Senator the Hon Stephen Conroy
Minister for Broadband, Communications and the Digital Economy
Deputy Leader Of The Government In The Senate,
minister@dbcde.gov.au
Tel: 03 9650 1188
Fax: 03 9650 3251
sustainable living
Furthermore, the technical, financial and freedom of expression (as upheld through our constitution) issues are well documented and those in themselves should be more than enough to kill any further life in this poorly planned, poorly executed and poorly though-out plan.
Constitution fail. There is no such protection under the Australian Constitution. We have no bill of rights. This is not the Almighty US of A. Are you sure you're a politician? If so, that's a bit scary... though not surprising.
http://en.wikipedia.org/wiki/Australian_constitution#Protection_of_rights
-Steve http://www.stevennicholson.com
Yes I know that.. my point was more along these lines http://en.wikipedia.org/wiki/Australian_constitutional_law#Implied_rights
However I can see that I may not have been clear in exactly what I meant.... and I agree that not having a Bill of Rights is rather poor on our part...
PS I'm not actually a politician simply a lowly paying member of the ALP... I also hope that I would be able to...express... my limited knowledge of the constitution a little better had I been one :)
Did you understand the headline - "Some of Australia's Tubes are About to Be Filtered"?
Yes? - you're a geek!!. No? - Congratulations, now get off slashdot, and spend some time with real people, before it happens to you.
And, have you ever heard anyone in real life refer to the internet at "tubes"?

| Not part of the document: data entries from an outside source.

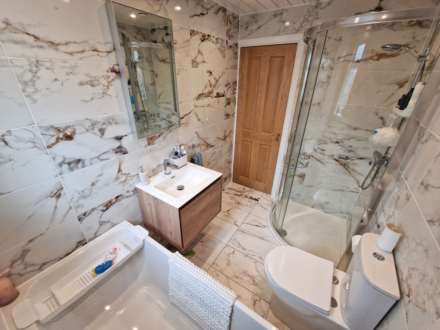 MIDWAY, Cheadle Hulme SK8 7PH, Image 25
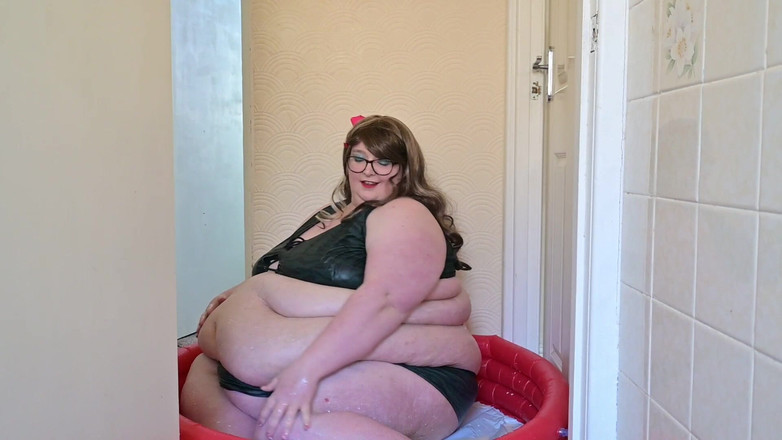 SSBBWLadyBrads: Niesamowicie gruby w wiosłowym basenie mleka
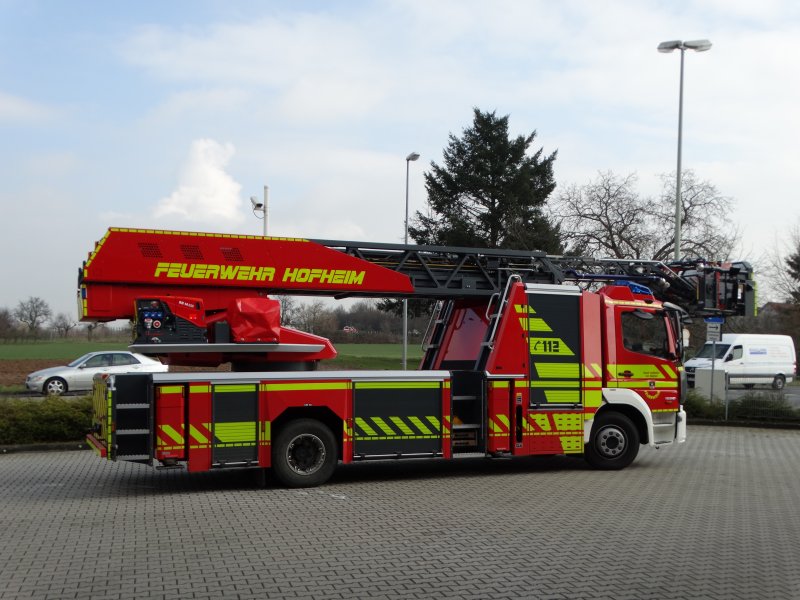 Mercedes Benz Atego DLA(K) (Florian Hofheim 1-30-1) der Feuerwehr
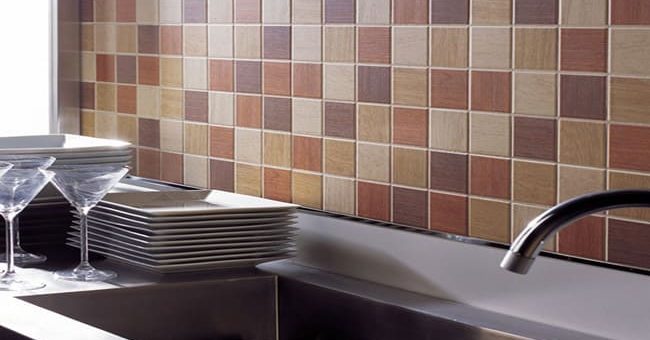 Плитка на стену на кухне – как правильно класть фартук из керамической плитки своими руками, как правильно наклеить на стены у потолка, с чего начать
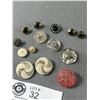 Image 2 : Nice Lot of Victorian. Edwardian Glass Buttons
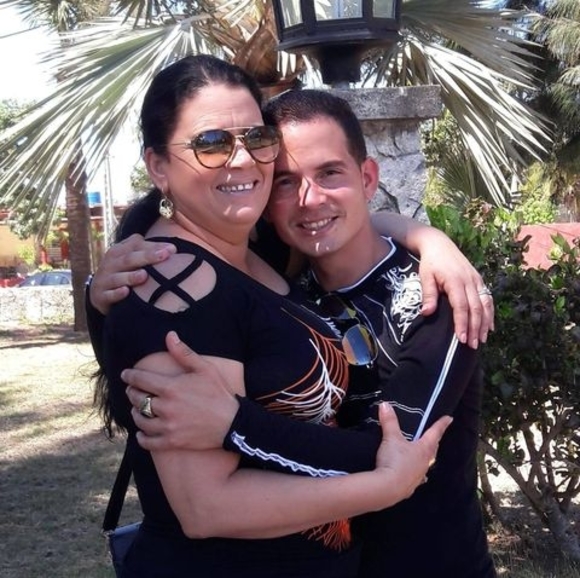 Profile Picture of Sandy Barrera (@sandyglady92) on Poshmark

I'm a software visionary. I don't code.
We do have a implied freedom of POLITICAL expression in Australia. So says the High Court. But yeah, you're right. It doesn't cover all expression, and the link with the internet filtering debate is tenuous.
Does anyone have a list of the sites that the Australian Government wants to block. After all, I don't live in Australia so it isn't illegal for me to look at what the Oz-ies are being silly about. Indeed, it isn't illegal for an Oz-ie to look at these sites. Yet. So whom do they want to block?